_What you have to do_: Your copy should begin with the line containing "JOHN WOODS / WINNIPEG FREE PRESS", end with the line containing "La inauguración del", match the listing below exactly, and contain no pictures.

_Exercise materials_:
::::
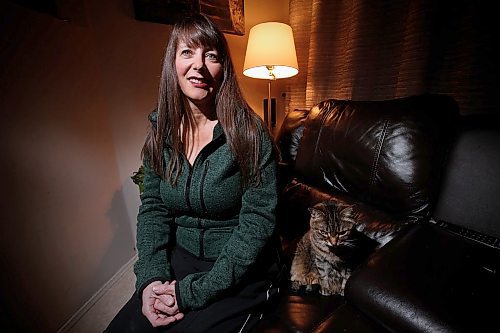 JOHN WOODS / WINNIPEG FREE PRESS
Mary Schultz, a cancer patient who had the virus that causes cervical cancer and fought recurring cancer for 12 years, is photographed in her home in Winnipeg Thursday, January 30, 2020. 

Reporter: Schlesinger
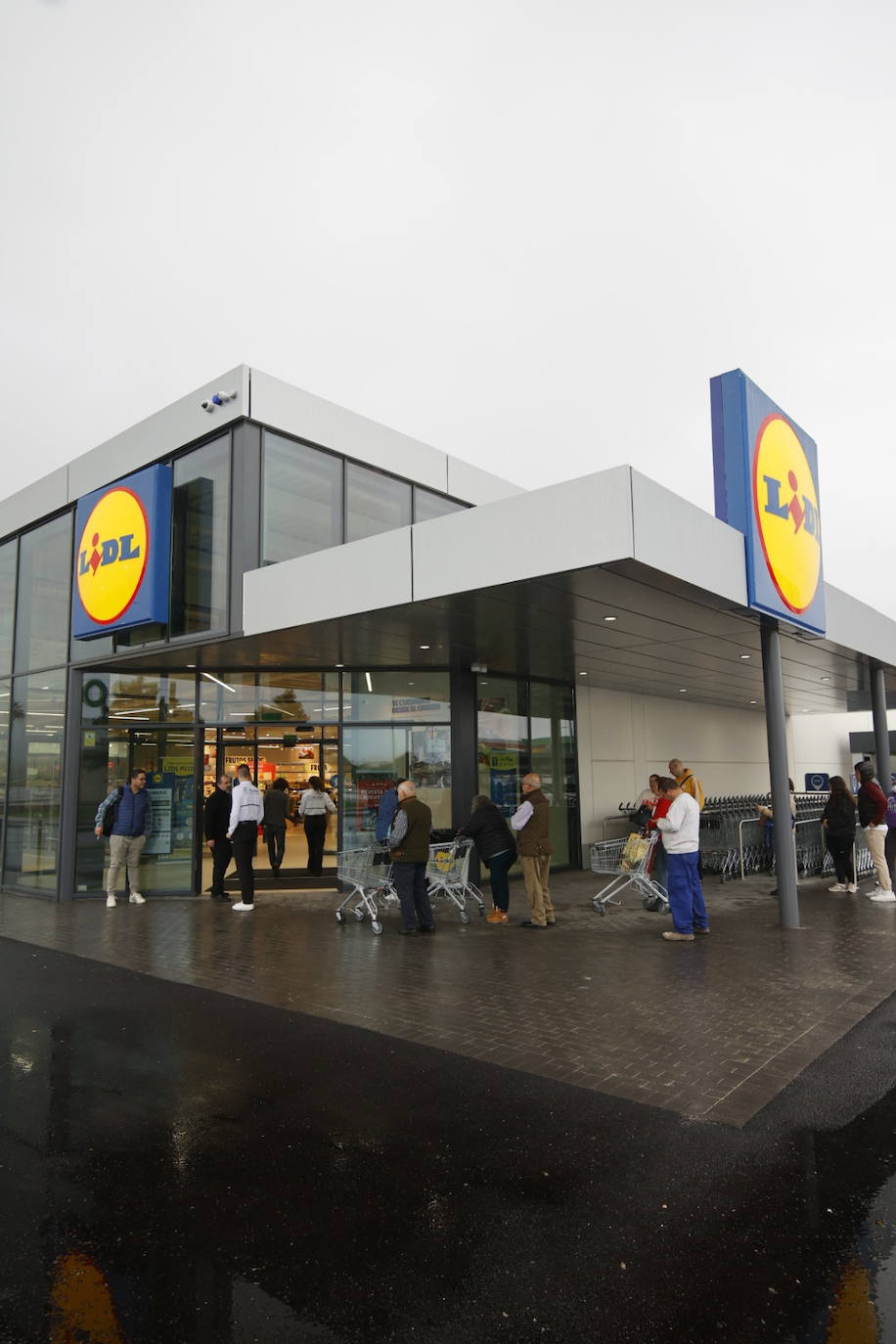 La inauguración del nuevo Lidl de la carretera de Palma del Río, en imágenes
::::
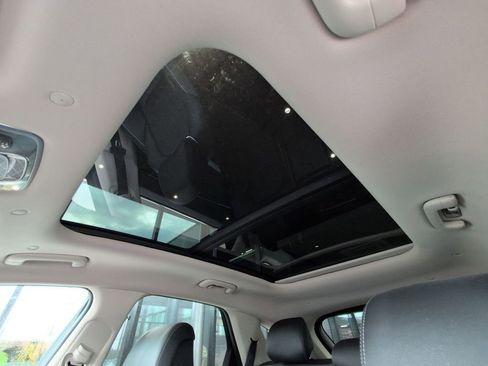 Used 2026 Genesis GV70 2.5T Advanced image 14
::::
_Response to this exercise_:
 JOHN WOODS / WINNIPEG FREE PRESS
Mary Schultz, a cancer patient who had the virus that causes cervical cancer and fought recurring cancer for 12 years, is photographed in her home in Winnipeg Thursday, January 30, 2020. 

Reporter: Schlesinger
 La inauguración del nuevo Lidl de la carretera de Palma del Río, en imágenes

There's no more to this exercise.